§ Dataset entries
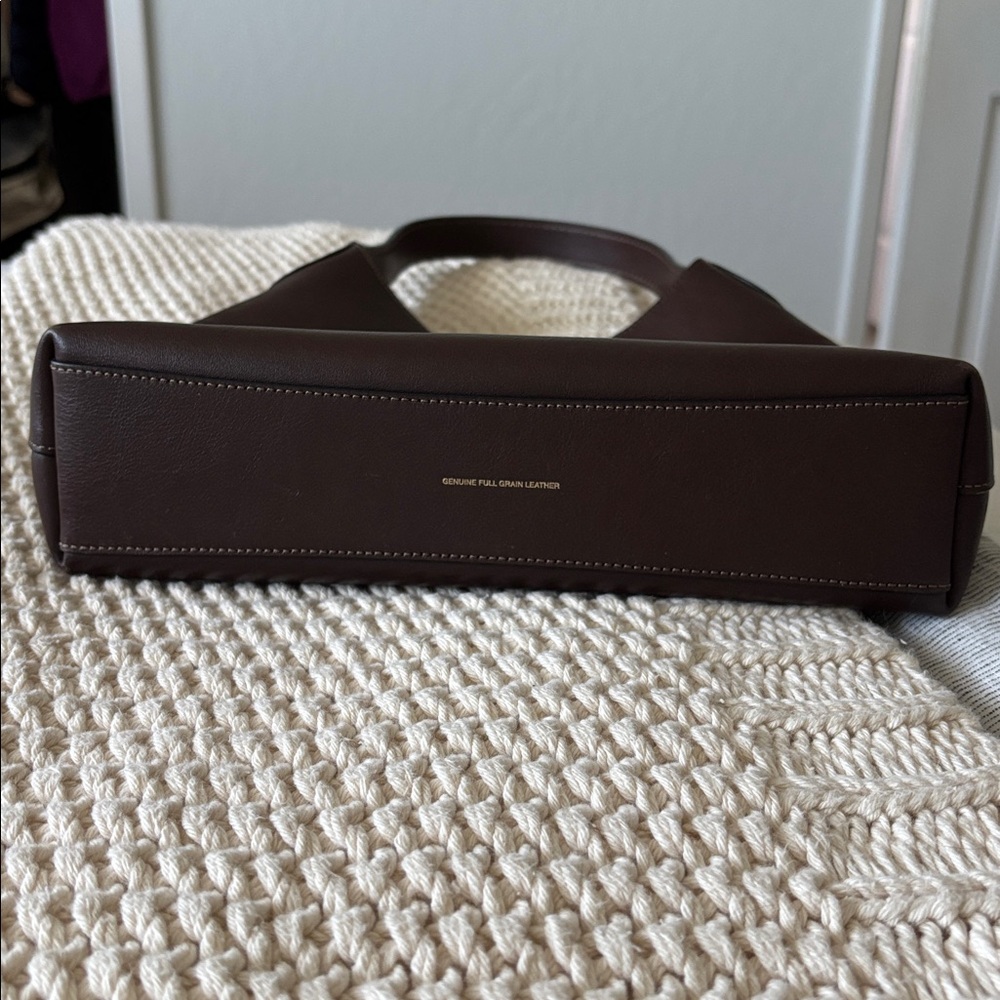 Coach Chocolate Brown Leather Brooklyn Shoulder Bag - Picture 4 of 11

---

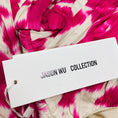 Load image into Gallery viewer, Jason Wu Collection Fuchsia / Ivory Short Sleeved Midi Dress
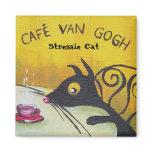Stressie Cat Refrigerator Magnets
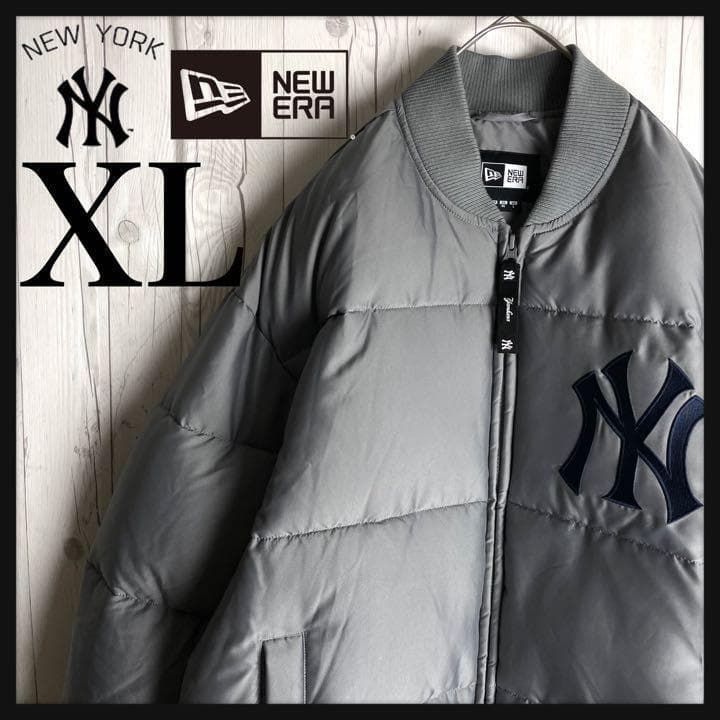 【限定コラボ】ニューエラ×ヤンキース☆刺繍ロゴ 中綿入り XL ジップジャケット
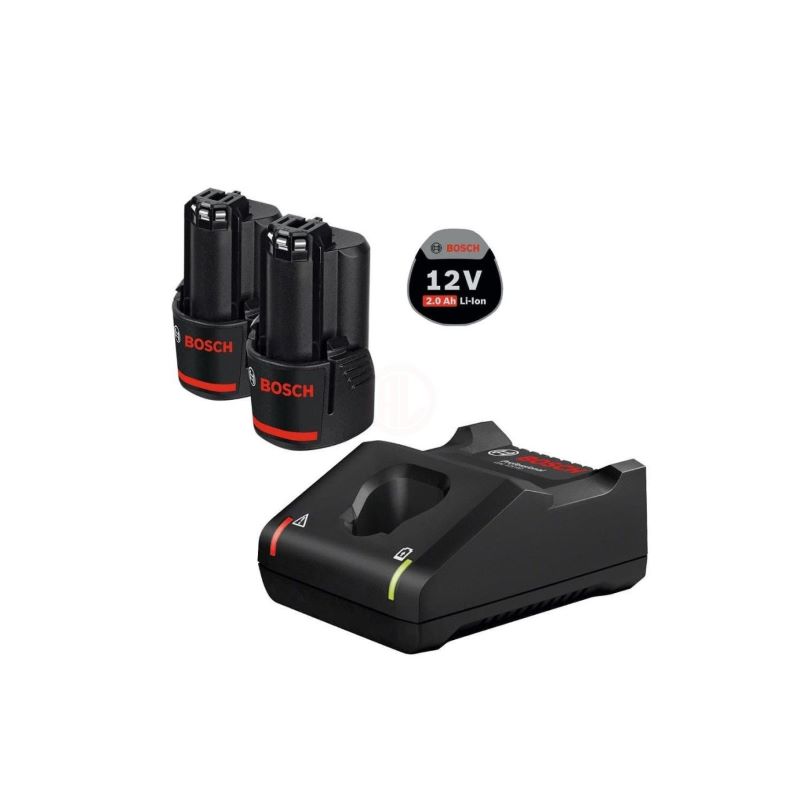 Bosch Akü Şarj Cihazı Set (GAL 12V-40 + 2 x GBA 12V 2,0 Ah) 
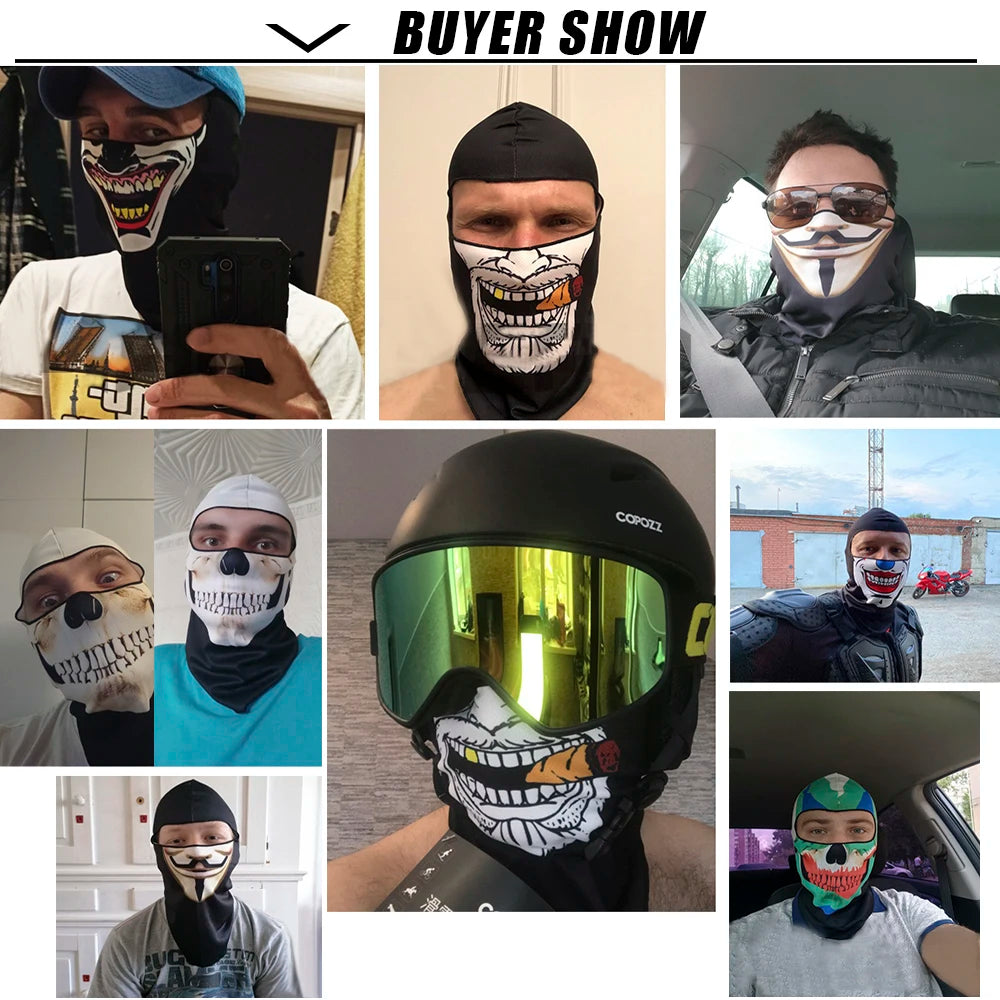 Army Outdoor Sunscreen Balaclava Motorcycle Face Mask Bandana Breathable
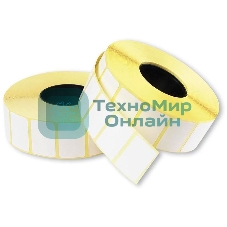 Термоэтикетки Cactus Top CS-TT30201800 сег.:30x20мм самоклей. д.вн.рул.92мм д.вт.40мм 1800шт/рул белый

§ Your objective
Exactly the lines starting at the one above with "Load image into" and ending at the one with "Термоэтикетки Cactus Top" should be printed, and nothing else. Omit the pictures.

§ Task answer
 Load image into Gallery viewer, Jason Wu Collection Fuchsia / Ivory Short Sleeved Midi Dress
Stressie Cat Refrigerator Magnets
 【限定コラボ】ニューエラ×ヤンキース☆刺繍ロゴ 中綿入り XL ジップジャケット
 Bosch Akü Şarj Cihazı Set (GAL 12V-40 + 2 x GBA 12V 2,0 Ah) 
 Army Outdoor Sunscreen Balaclava Motorcycle Face Mask Bandana Breathable
 Термоэтикетки Cactus Top CS-TT30201800 сег.:30x20мм самоклей. д.вн.рул.92мм д.вт.40мм 1800шт/рул белый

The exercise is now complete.